Set down the data again word for word. Skip any pictures.

Provided material:
-=-=-
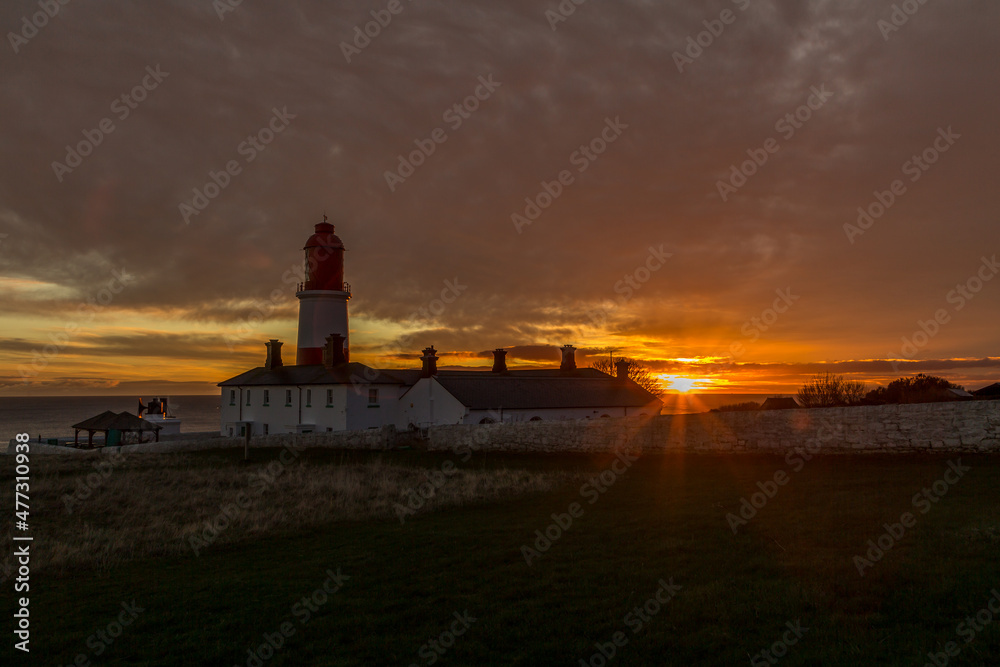 The red and white striped, 23 meter tall,  Souter Lighthouse and the Leas in Marsden, South Shields, England, as the sun rises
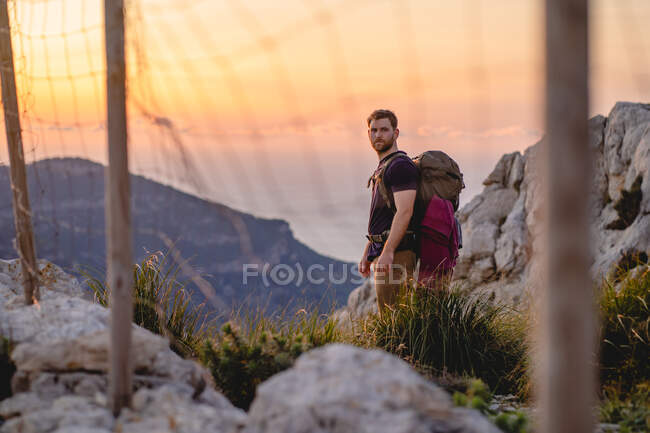 Voyageur solitaire se tient sur un point de vue d'une montagne pendant le coucher du soleil — Photo de stock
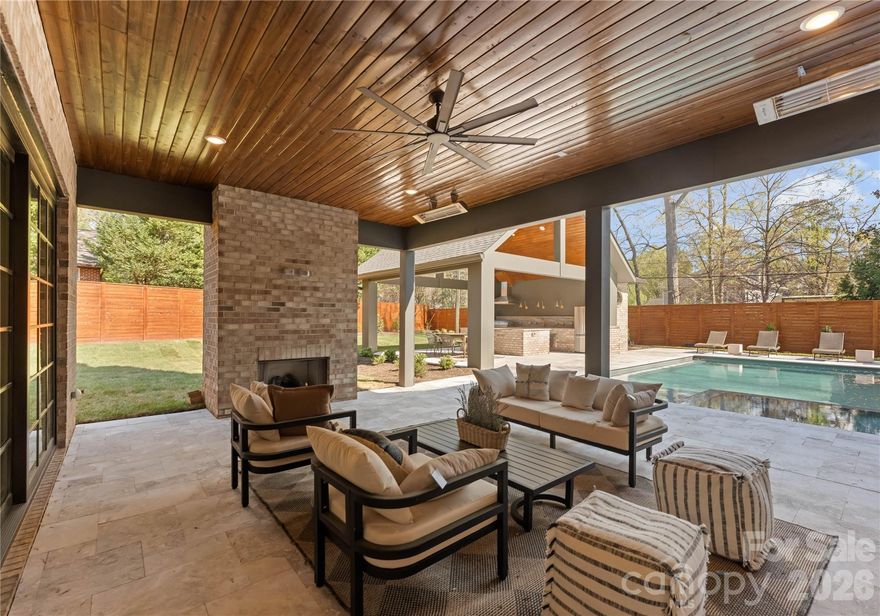 Welcome to 154 N Canterbury Rd, a showstopping luxury estate by Maverick Building that seamlessly blends elevated design, thoughtful functionality, and resort-style living in the heart of Cotswold. This exceptional 6 bedroom, 7.5 bath new construction home was designed for both everyday comfort and unforgettable entertaining. The outdoor living experience is truly unmatched, featuring a stunning pool and hot tub, a fully equipped pool cabana with a kitchen and oversized island, a full outdoor bath with changing area, and an outdoor shower. Three covered porches surround the pool, creating a private oasis complemented by expansive yard space ideal for recreation or relaxation surrounding the outdoor living spaces. Inside, the home continues to impress with curated designer finishes and refined architectural details throughout. The grand living room showcases 11-foot ceilings with exposed wood beams and a striking cast stone fireplace, while the walk-in wine room is complete with a steel frame entry door and custom cabinetry which provides a sophisticated focal point for entertaining. The primary suite is a true retreat, designed to feel like a luxury resort. Enjoy a private covered terrace looking at the pool, a spacious sitting area, and a custom coffee and wine bar. This primary suite also features a large walk-in shower, a soaking tub and an extraordinary custom closet with inset lighting, glass front cabinetry, soft close drawers, and a Taj Mahal quartzite waterfall island. A junior primary suite on the main level offers the perfect private space for guests, complete with a soaking tub and dual vanities. Upstairs, the bonus room provides incredible flexibility with built in seating, a large open layout, wet bar, and full bath that makes it ideal for a media room, lounge, or guest retreat. Every inch of this home reflects intentional design. The lighting, custom cabinetry, flooring, color palette, and wallpaper selections creating a cohesive and elevated aesthetic throughout. Situated on one of Cotswold’s most sought after and walkable streets, surrounded by high-end new construction and estate homes, this prime location offers convenient access to SouthPark, Uptown, private schools, shopping, dining, and everything that makes this area so desirable.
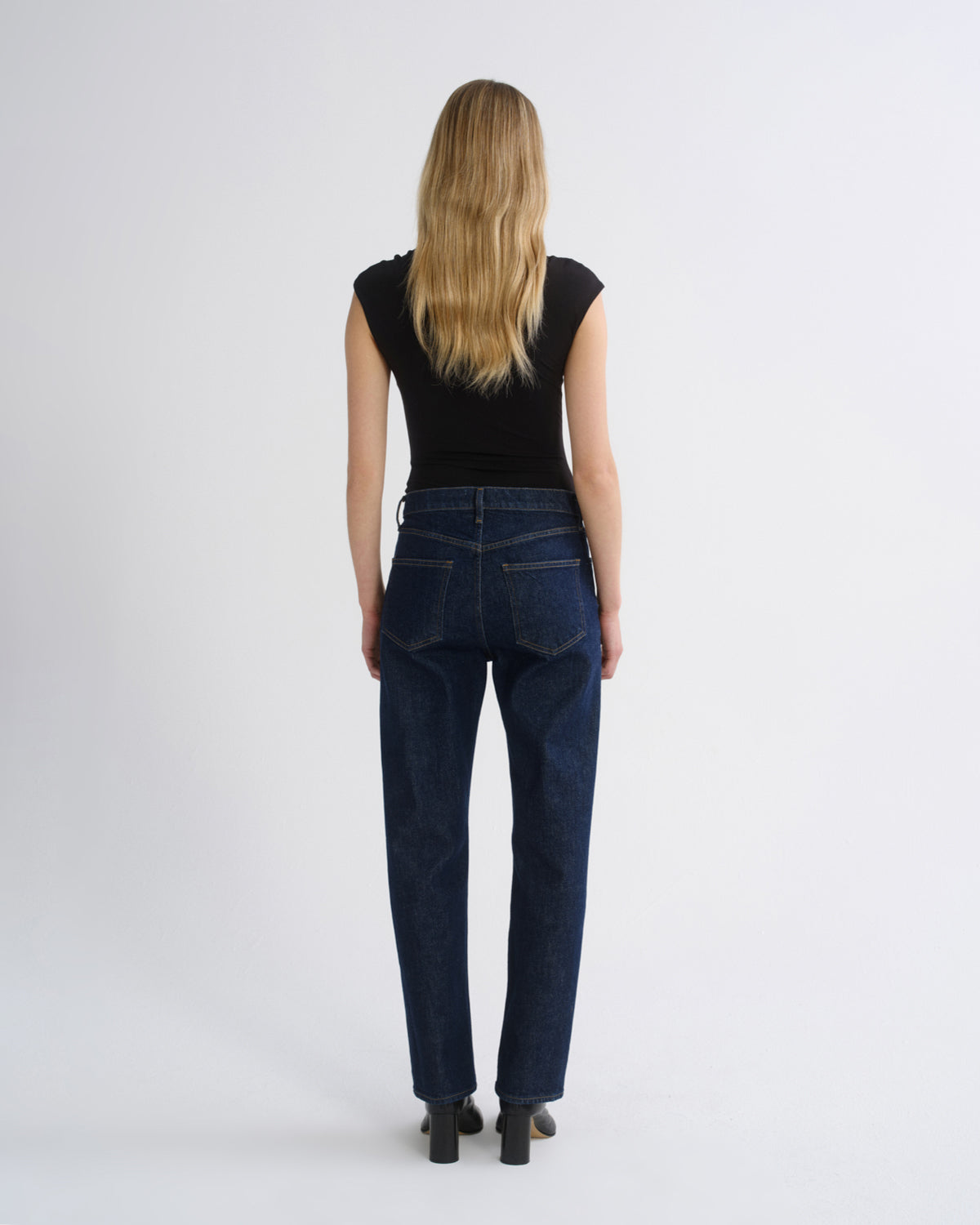 A woman viewed from behind wearing dark blue straight-leg jeans, a black sleeveless top, and black heels against a plain light gray studio background.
-=-=-
Output for this task:
 The red and white striped, 23 meter tall,  Souter Lighthouse and the Leas in Marsden, South Shields, England, as the sun rises
 Voyageur solitaire se tient sur un point de vue d'une montagne pendant le coucher du soleil — Photo de stock
 Welcome to 154 N Canterbury Rd, a showstopping luxury estate by Maverick Building that seamlessly blends elevated design, thoughtful functionality, and resort-style living in the heart of Cotswold. This exceptional 6 bedroom, 7.5 bath new construction home was designed for both everyday comfort and unforgettable entertaining. The outdoor living experience is truly unmatched, featuring a stunning pool and hot tub, a fully equipped pool cabana with a kitchen and oversized island, a full outdoor bath with changing area, and an outdoor shower. Three covered porches surround the pool, creating a private oasis complemented by expansive yard space ideal for recreation or relaxation surrounding the outdoor living spaces. Inside, the home continues to impress with curated designer finishes and refined architectural details throughout. The grand living room showcases 11-foot ceilings with exposed wood beams and a striking cast stone fireplace, while the walk-in wine room is complete with a steel frame entry door and custom cabinetry which provides a sophisticated focal point for entertaining. The primary suite is a true retreat, designed to feel like a luxury resort. Enjoy a private covered terrace looking at the pool, a spacious sitting area, and a custom coffee and wine bar. This primary suite also features a large walk-in shower, a soaking tub and an extraordinary custom closet with inset lighting, glass front cabinetry, soft close drawers, and a Taj Mahal quartzite waterfall island. A junior primary suite on the main level offers the perfect private space for guests, complete with a soaking tub and dual vanities. Upstairs, the bonus room provides incredible flexibility with built in seating, a large open layout, wet bar, and full bath that makes it ideal for a media room, lounge, or guest retreat. Every inch of this home reflects intentional design. The lighting, custom cabinetry, flooring, color palette, and wallpaper selections creating a cohesive and elevated aesthetic throughout. Situated on one of Cotswold’s most sought after and walkable streets, surrounded by high-end new construction and estate homes, this prime location offers convenient access to SouthPark, Uptown, private schools, shopping, dining, and everything that makes this area so desirable.
 A woman viewed from behind wearing dark blue straight-leg jeans, a black sleeveless top, and black heels against a plain light gray studio background.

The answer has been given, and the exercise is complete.